×
Big Data
30% of the data we have access to is being generated in real time, are we over-informed? Is there more data available than we can consume? I don't think so, I explain it below.
➡️ Today we live in the Big Data era. Without data, artificial intelligence could not have experienced the acceleration we have witnessed. In fact, much of the algorithms and artificial intelligence techniques were developed decades ago, but only now are they bearing fruit because they are leveraging Big Data.
📈 The growth of data has been exponential, with 90% of data created in the last two years. For next year it is estimated that we will reach 175 zettabytes; to put it in perspective, imagine we represent the Digital Universe with 128GB tablets like the ones we have at home. Well, 175 zettabytes are equivalent to 25 columns of those tablets stacked, each column with a height equivalent to the distance from Earth to the Moon, which is 384,400 km.
📖 So, how can we consume all this information? What works best for me is following some guidelines:
1️⃣ Trying to extract data that has value: keep in mind that it is estimated that only 0.5% of data is currently being analyzed. We have a long way to go, but data quality is also important, that the data is truthful. In the financial world it is also relevant that it is point-in-time; that is, that we use the data that was available at each moment in time when backtesting our models (for example, inflation or GDP series are published with a delay and in many cases are revised; that revised series I didn't have in the past, so I couldn't have made a decision based on it)
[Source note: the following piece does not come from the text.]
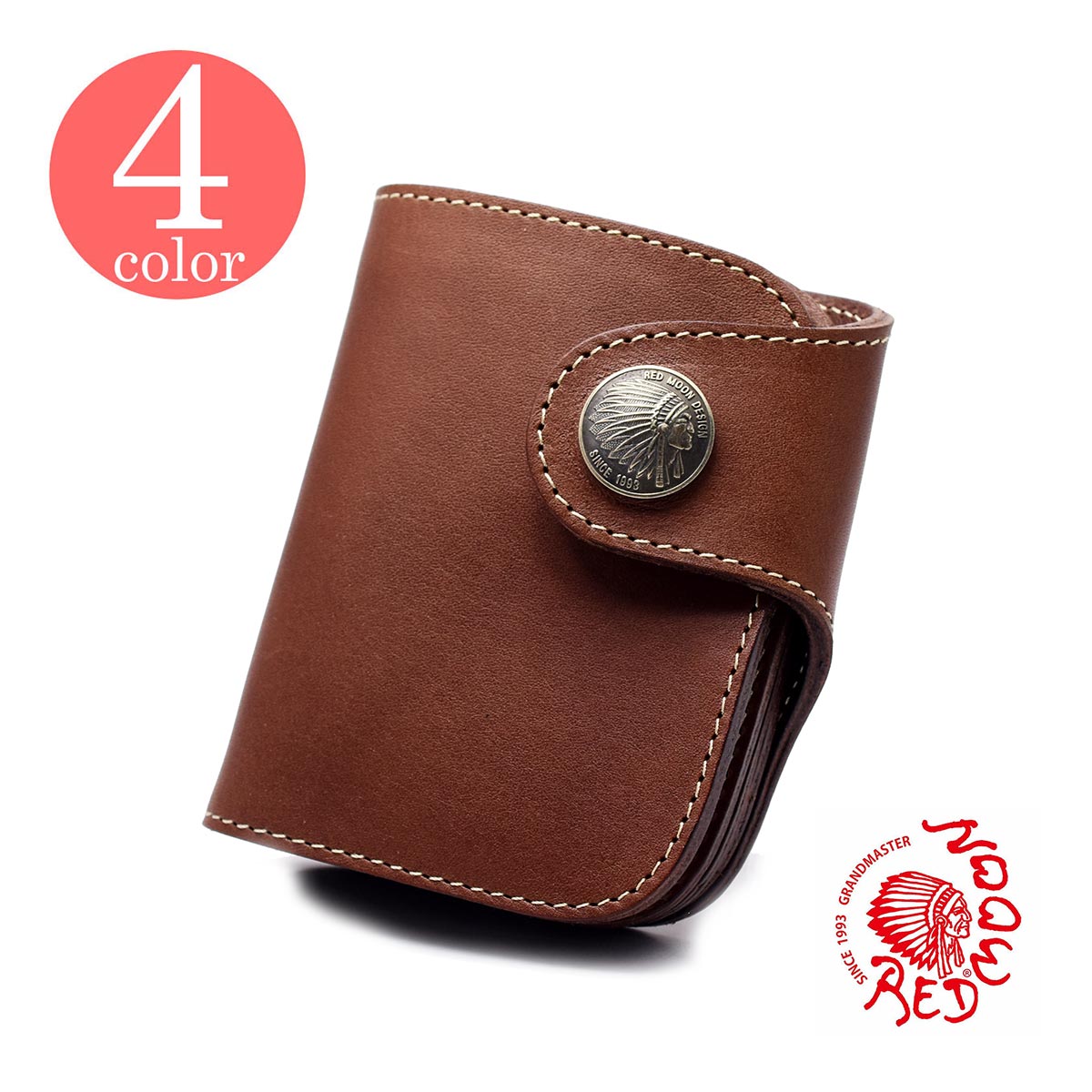 楽天市場】【REDMOON 正規取扱店】ベーシック レッドムーン 財布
2️⃣ Expanding the spectrum of data: we tend to use only structured data, but only about 20% of it is (Excels to understand), with the rest being either semi-structured (HTML) or unstructured (social networks, satellite images, etc.). It's true that in many cases structured data is what works, but resorting to, for example, the sentiment that exists in social networks is usually very useful and allows you to anticipate trends
3️⃣ Using new tools: there is a tendency to use linear models as prediction tools (linear regression, for example), but the reality is that relationships in financial data are usually not linear. Linear models in this sense are not useful in many cases because they can be interpreted better, but when the relationships are not linear it is important to use models that don't force them.
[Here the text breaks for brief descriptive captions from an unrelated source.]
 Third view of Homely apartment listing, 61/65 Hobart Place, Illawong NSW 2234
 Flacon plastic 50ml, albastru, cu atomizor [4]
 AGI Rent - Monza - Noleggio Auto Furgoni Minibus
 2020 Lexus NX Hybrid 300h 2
✅ By way of conclusion, the Big Data era has been a great milestone and has allowed many of the artificial intelligence techniques that were envisioned decades ago to become reality today. Knowing how to make use of all this amount of data is important, but you must follow a method to avoid falling into the "garbage in garbage out" trap (no matter how good our model is, if the input data doesn't have enough quality our output won't be useful).